Being thrown from the Primary world, into the Secondary, and back again, gave him terrible mental whiplash.

Pam snatched the pen from behind her ear and whipped it across the kitchen. “How
dare
you. I mean, really. Leaving me a message, a goddamn voice mail, that you were taking off before the end of Turnkorner? Turnkorner, for chrissakes! Only the biggest two weeks of the year for us.” She threw up a hand in disgust and turned away like she’d just eaten McDonald’s. “You actually make me a little sick. Get out of here.”

He just shoved his hands in his pockets. “I’m sorry, Pam.”

She sighed, turned back around. “Is that why you came back? To apologize?”

“Yes.” He realized, above all, that that was true. Pam had helped him so much. She’d created him, essentially. She’d given him the dream of a career, a bigger life, and had unknowingly granted him a sliver of happiness. To disappoint her, to fail her…“I’m sorry,” he said again.

“Tell me you at least got her.”

He put a hand to his chest, where it hurt the most. “No.”

She calmed down a bit, setting the notebook on his old station. Her lips tightened. “Aw, man. That sucks.”

He stepped farther into the kitchen, ran a hand over the burner knobs. “She hasn’t, um, been back here, has she?”

“No.” Pam looked at him funny. “What’s going on with you?”

Never had he ever been tempted to tell any Primary anything about his former life, until now.

He traced his fingers over the cold, black metal burners.
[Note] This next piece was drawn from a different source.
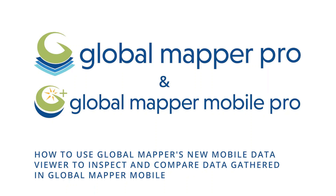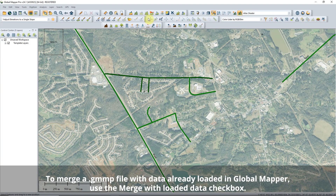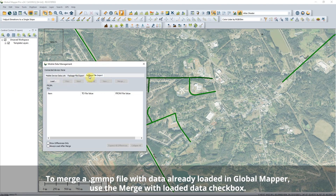How to use Global Mapper's new Mobile Data Viewer to inspect and compare data gathered in Global Mapper Mobile. To compare mobile data files for merging, use the Mobile Data Management tool. Import the files through the Mobile Data link or load them directly into the Package File Import tab.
He’d learned the most in Shed. He’d discovered quite a large part of himself here. Pam had seen promise in him back in San Francisco, and she’d brought him here. She’d planted him and watered him, and he’d grown so much.

“I’m leaving,” he told her.

“Ah, fuck.” She’d picked up the pen and it clattered to the tile again. “Knew that was coming.”

He cracked a smile. “Just last week you were wondering when I was going to head out.”

“Yeah, but I didn’t think you’d actually do it.” She sighed dramatically. “Where are you going?”

He knew she meant which kitchen. He shrugged. “Don’t know.”

That was the truth. He had no idea where he was going, where his steps would take him once he left White Clover Creek. Wandering sounded like the best idea, although “best” was a relative term.

So rarely did he see Pam genuinely surprised. Her face whitened, her eyes going wide. “Xavier. Are you okay?”

He touched the same pots she had earlier, sending them clanking. “I will be.”

She ran a hand through her short hair. “Jesus, X. Quitting your job over some girl—”

“It’s more than that.” He swept a gaze over the quiet dining room, lingering on booth six and seeing, against his will, Cat’s gorgeous body draped over it. Open and waiting. For him. “Remember those ghosts you mentioned?”

“Yeah. I do.”

“Well, I’ve got some that need fighting.”

She didn’t look at all surprised by that. Just nodded. They stood there in companionable silence for several minutes.

“If you need a reference,” she said, “you’ve got mine.
Despite what you did to me last week. You’re very talented. I’d hate to see you throw it away.”

So would he. But he just wasn’t sure where or when he’d want to cook again.

Three weeks later.

If Cat could have transported herself to Colorado with a snap of the fingers the moment the Chimeran chief had called off the attack, she would have. Instead, it had taken three long weeks to get back to White Clover Creek.

The Chimerans had insisted she remain in Hawaii until the situation had been smoothed out. Threat of imminent attack had calmed, but had not been killed. At least the two sides were talking. Both Ofarians and Chimerans had agreed that keeping Griffin and Kekona apart was a wise choice. Griffin had kept his leadership, but Kekona had been relieved of her command.

After the Chimerans had stood down and unpacked their transports, Griffin had asked Cat back to San Francisco to rehash everything that had happened in Hawaii for the Ofarian cabinet.

Then the Senatus Premier had called. He’d offered Griffin a stilted apology and allowed Griffin to make a heartfelt one of his own. When the Premier extended Griffin an invitation to a sit-down with the Senatus, Griffin had exhaled on a powerful sob. He’d pushed away from the table and left, disappearing for half a day. When he’d returned, the lines on his face had smoothed. He moved with a renewed grace.